== WORK INSTRUCTIONS ==
Below are some records. Print exactly the lines between the one holding "Extraordinary Nobodies of the Bible" and the one holding "Personalised Mini Straw", inclusive, and nothing else.

-.-.-

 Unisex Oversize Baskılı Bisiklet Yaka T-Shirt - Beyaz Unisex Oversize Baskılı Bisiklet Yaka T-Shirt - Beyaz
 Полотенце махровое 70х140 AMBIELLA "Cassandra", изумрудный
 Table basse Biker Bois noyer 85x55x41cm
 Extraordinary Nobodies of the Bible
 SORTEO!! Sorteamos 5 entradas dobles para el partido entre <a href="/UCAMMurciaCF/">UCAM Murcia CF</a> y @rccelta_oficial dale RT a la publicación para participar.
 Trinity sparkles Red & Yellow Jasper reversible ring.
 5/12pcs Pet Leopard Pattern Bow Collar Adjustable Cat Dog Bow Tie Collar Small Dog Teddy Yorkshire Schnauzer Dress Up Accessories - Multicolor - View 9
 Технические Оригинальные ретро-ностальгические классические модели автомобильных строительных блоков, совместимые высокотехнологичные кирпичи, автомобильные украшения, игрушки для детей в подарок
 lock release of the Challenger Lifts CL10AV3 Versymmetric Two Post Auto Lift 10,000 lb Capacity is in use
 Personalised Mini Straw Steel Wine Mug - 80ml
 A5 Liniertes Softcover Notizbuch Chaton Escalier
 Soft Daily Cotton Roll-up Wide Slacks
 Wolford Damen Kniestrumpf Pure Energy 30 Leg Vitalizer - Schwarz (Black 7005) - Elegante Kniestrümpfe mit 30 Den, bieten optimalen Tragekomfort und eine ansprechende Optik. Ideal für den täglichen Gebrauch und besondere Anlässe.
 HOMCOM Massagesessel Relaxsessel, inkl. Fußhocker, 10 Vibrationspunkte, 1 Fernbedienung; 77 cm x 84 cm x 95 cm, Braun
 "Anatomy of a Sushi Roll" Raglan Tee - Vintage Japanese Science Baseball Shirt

-.-.-

== YOUR RESPONSE ==
 Extraordinary Nobodies of the Bible
 SORTEO!! Sorteamos 5 entradas dobles para el partido entre <a href="/UCAMMurciaCF/">UCAM Murcia CF</a> y @rccelta_oficial dale RT a la publicación para participar.
 Trinity sparkles Red & Yellow Jasper reversible ring.
 5/12pcs Pet Leopard Pattern Bow Collar Adjustable Cat Dog Bow Tie Collar Small Dog Teddy Yorkshire Schnauzer Dress Up Accessories - Multicolor - View 9
 Технические Оригинальные ретро-ностальгические классические модели автомобильных строительных блоков, совместимые высокотехнологичные кирпичи, автомобильные украшения, игрушки для детей в подарок
 lock release of the Challenger Lifts CL10AV3 Versymmetric Two Post Auto Lift 10,000 lb Capacity is in use
 Personalised Mini Straw Steel Wine Mug - 80ml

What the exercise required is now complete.